# Mapmaking Discussion & Philosophy (WIP/Critique) > Board Game Mapping >  Mound Builders graphics package

## timallen

At the beginning of Feb. the guys over at Victory Point Games asked if I would be interested in developing a map and associated graphics for a new board game called "Mound Builders:, trade and warfare in ancient North America".  I said sure so they sent me the in-house beta test kit.  Here is the map that came with the kit- the dimensions are 11x17 inches.

----------


## timallen

I knew absolutely Zero about the topic, but found it fascinating.  I had no idea these societies existed!  After doing a fair amount of online research on the topic, I decided to try building a map what would have a sort of cave painting theme to it.  After all, this was a game on a cuture that never developed a written language or paper, so making a "old paper" looking map, which is my usual default mode, seemed wrong. After several false starts, this is what I currently have.  The folks at VPG like it and I am hopeful no more changes are needed.

----------


## timallen

They also asked if I would like to develop the art for the card backs and the slip cover that will go over the box.  Here is the cardback I submitted.

----------


## timallen

And here is the slip cover.  This is still a WIP.  I have to find something to go on the sides.  The back should probably remain largely blank as that is where most of the text describing the game will go (they havent sent me that info yet).

----------


## arsheesh

Wow, cool project Tim!  Congrats on the commission, sounds like fun.

Cheers,
-Arsheesh

----------


## Jalyha

What a cool project!  :Smile:   It looks really cool...
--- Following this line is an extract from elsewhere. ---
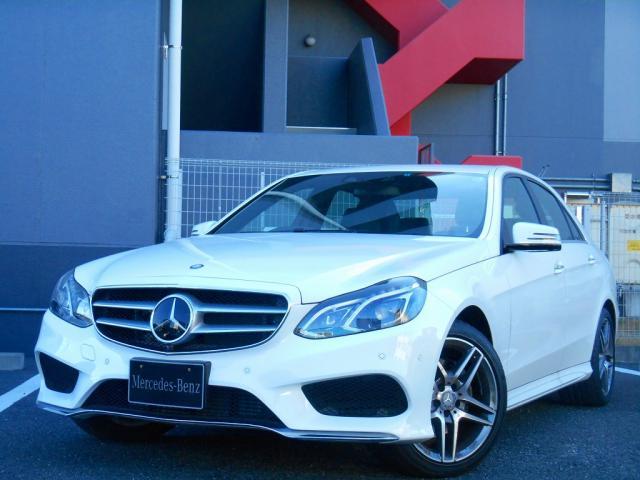 E220ブルーテック アバンギャルド 360°カメラ(1枚目)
I'm not sure what level of accuracy ya'll want in the game.  I also don't know, yet, what you're trying to convey.

First... The Cherokee people were never Mound Builders.  I'm sure you've found references to Cherokee mounds, but that's been disproven through archaelogical surveys.
 Those were Muskogean remains.  :Smile:  

I wasn't sure if you were depicting the paths of only Mounds-builders, or those who may have battled/conquered them, but it's generally thought that the Cherokee migrated to those areas after they were abandoned/disused.  After looking at the rest of the board, I tend to believe your "warpaths" are all those of enemies/conquerors, and that's fine, but it doesn't really show anything about the mound-builders.

2nd...  your cave paintings look much more prehistoric than anything.  Not saying that there were no cave paintings by the mounds-building nations, but they were vastly different in styles, from one culture to the next, and it would have been rare to see simple black-on-grey silhouettes, or single silhouettes as you have here.
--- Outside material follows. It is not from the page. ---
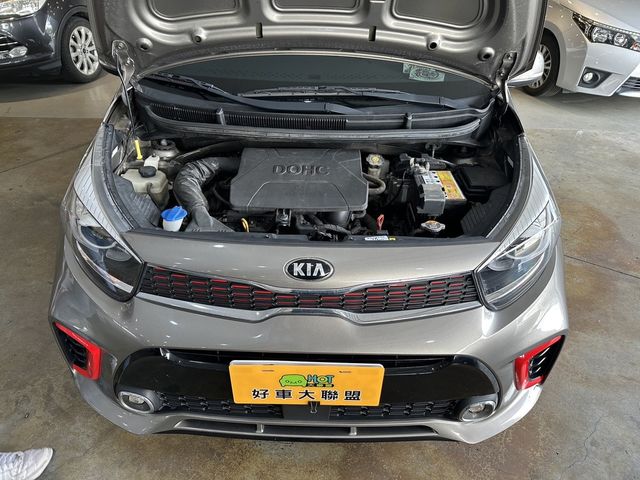 KIA起亞 PICANTO  第6張相片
Figures/symbols (even prehistorically) were grouped to tell a story, or for the sake of pure art:



I'd also tend to think you'd find more pottery and sculpture than cave painting...  Mounds-builders were rarely cave-dwellers... they built structures to live in. Sometimes of earth and stone, sometimes of hide and/or wood, but actual structures.

While I'm glad to see references to places of import, I don't see references (especially since you center on Cahokia) to many (any?) tribes of the three primary mound-building civilizations:  Mississippian, Hopewell, and Adena.


You reference the game as being about "culture, trade, and warfare" but I see only warpaths, referencing the wrong peoples, and nothing whatsoever of the trade and culture... no woven mats, bone and/or copper jewelry, no bone knives which were traded for hungrily.  I see no pottery, no cloth of brilliant colors with feathers as shells as decoration...

Fine/good if that's not what you (or they) are going for, but it makes the description a little misleading.


I also don't think the box/card styles really match the style of the gameboard.  I think they're both lovely, and I can tell how much work went into each... but they don't mesh.

And Finally...  since it's a game about mound builders... I should think the mounds themselves would be stylized more in period-style than you've done.  

They weren't just little hills... they were always carefully shaped, often as animals or pyramids, and you can still see many of those shapes today.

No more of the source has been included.